--- DATA FOR ANALYSIS Enclosed Below ---

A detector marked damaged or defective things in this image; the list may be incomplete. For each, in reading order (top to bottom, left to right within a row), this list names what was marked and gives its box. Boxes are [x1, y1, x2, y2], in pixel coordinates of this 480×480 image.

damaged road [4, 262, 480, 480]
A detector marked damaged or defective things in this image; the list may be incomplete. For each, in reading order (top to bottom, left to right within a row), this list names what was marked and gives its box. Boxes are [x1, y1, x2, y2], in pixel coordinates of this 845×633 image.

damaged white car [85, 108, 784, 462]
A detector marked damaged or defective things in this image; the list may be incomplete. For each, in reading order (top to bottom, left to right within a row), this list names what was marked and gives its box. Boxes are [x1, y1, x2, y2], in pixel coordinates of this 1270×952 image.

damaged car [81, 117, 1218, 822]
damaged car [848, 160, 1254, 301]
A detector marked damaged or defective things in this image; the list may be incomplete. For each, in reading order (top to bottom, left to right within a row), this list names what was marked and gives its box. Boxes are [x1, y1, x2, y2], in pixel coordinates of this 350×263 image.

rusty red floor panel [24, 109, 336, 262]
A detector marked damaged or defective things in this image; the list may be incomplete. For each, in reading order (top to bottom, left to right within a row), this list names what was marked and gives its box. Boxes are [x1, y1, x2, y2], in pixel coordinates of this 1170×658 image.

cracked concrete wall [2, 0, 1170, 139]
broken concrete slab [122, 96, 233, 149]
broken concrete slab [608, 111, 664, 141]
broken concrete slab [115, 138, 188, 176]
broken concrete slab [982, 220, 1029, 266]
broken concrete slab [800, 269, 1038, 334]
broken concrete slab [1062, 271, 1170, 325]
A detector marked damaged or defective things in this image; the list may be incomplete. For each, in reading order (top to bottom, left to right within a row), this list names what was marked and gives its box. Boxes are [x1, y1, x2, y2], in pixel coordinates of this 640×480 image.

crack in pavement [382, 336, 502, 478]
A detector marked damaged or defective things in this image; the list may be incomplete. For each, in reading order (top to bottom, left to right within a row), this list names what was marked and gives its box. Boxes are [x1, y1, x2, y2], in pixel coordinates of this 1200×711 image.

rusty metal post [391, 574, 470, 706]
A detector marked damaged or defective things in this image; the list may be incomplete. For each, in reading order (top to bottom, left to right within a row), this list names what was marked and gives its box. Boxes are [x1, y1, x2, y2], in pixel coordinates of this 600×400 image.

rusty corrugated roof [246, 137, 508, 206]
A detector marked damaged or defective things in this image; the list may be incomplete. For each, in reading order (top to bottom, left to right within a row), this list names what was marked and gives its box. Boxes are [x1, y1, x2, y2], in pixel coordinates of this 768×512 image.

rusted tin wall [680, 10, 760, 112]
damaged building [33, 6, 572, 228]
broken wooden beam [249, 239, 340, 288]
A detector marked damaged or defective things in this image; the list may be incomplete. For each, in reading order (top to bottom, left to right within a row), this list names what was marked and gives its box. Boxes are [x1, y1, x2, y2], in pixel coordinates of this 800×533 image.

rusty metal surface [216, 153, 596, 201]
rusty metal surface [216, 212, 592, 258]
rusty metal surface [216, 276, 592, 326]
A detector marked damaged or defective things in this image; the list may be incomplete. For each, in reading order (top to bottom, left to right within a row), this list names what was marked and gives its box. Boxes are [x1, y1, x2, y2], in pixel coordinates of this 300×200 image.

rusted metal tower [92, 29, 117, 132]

--- End of Enclosed DATA FOR ANALYSIS ---

▶ **WORK REQUIRED**:
Return the material in full, restating each entry word for word.

▶ **PROBLEM SOLUTION**:
A detector marked damaged or defective things in this image; the list may be incomplete. For each, in reading order (top to bottom, left to right within a row), this list names what was marked and gives its box. Boxes are [x1, y1, x2, y2], in pixel coordinates of this 480×480 image.

damaged road [4, 262, 480, 480]
A detector marked damaged or defective things in this image; the list may be incomplete. For each, in reading order (top to bottom, left to right within a row), this list names what was marked and gives its box. Boxes are [x1, y1, x2, y2], in pixel coordinates of this 845×633 image.

damaged white car [85, 108, 784, 462]
A detector marked damaged or defective things in this image; the list may be incomplete. For each, in reading order (top to bottom, left to right within a row), this list names what was marked and gives its box. Boxes are [x1, y1, x2, y2], in pixel coordinates of this 1270×952 image.

damaged car [81, 117, 1218, 822]
damaged car [848, 160, 1254, 301]
A detector marked damaged or defective things in this image; the list may be incomplete. For each, in reading order (top to bottom, left to right within a row), this list names what was marked and gives its box. Boxes are [x1, y1, x2, y2], in pixel coordinates of this 350×263 image.

rusty red floor panel [24, 109, 336, 262]
A detector marked damaged or defective things in this image; the list may be incomplete. For each, in reading order (top to bottom, left to right within a row), this list names what was marked and gives its box. Boxes are [x1, y1, x2, y2], in pixel coordinates of this 1170×658 image.

cracked concrete wall [2, 0, 1170, 139]
broken concrete slab [122, 96, 233, 149]
broken concrete slab [608, 111, 664, 141]
broken concrete slab [115, 138, 188, 176]
broken concrete slab [982, 220, 1029, 266]
broken concrete slab [800, 269, 1038, 334]
broken concrete slab [1062, 271, 1170, 325]
A detector marked damaged or defective things in this image; the list may be incomplete. For each, in reading order (top to bottom, left to right within a row), this list names what was marked and gives its box. Boxes are [x1, y1, x2, y2], in pixel coordinates of this 640×480 image.

crack in pavement [382, 336, 502, 478]
A detector marked damaged or defective things in this image; the list may be incomplete. For each, in reading order (top to bottom, left to right within a row), this list names what was marked and gives its box. Boxes are [x1, y1, x2, y2], in pixel coordinates of this 1200×711 image.

rusty metal post [391, 574, 470, 706]
A detector marked damaged or defective things in this image; the list may be incomplete. For each, in reading order (top to bottom, left to right within a row), this list names what was marked and gives its box. Boxes are [x1, y1, x2, y2], in pixel coordinates of this 600×400 image.

rusty corrugated roof [246, 137, 508, 206]
A detector marked damaged or defective things in this image; the list may be incomplete. For each, in reading order (top to bottom, left to right within a row), this list names what was marked and gives its box. Boxes are [x1, y1, x2, y2], in pixel coordinates of this 768×512 image.

rusted tin wall [680, 10, 760, 112]
damaged building [33, 6, 572, 228]
broken wooden beam [249, 239, 340, 288]
A detector marked damaged or defective things in this image; the list may be incomplete. For each, in reading order (top to bottom, left to right within a row), this list names what was marked and gives its box. Boxes are [x1, y1, x2, y2], in pixel coordinates of this 800×533 image.

rusty metal surface [216, 153, 596, 201]
rusty metal surface [216, 212, 592, 258]
rusty metal surface [216, 276, 592, 326]
A detector marked damaged or defective things in this image; the list may be incomplete. For each, in reading order (top to bottom, left to right within a row), this list names what was marked and gives its box. Boxes are [x1, y1, x2, y2], in pixel coordinates of this 300×200 image.

rusted metal tower [92, 29, 117, 132]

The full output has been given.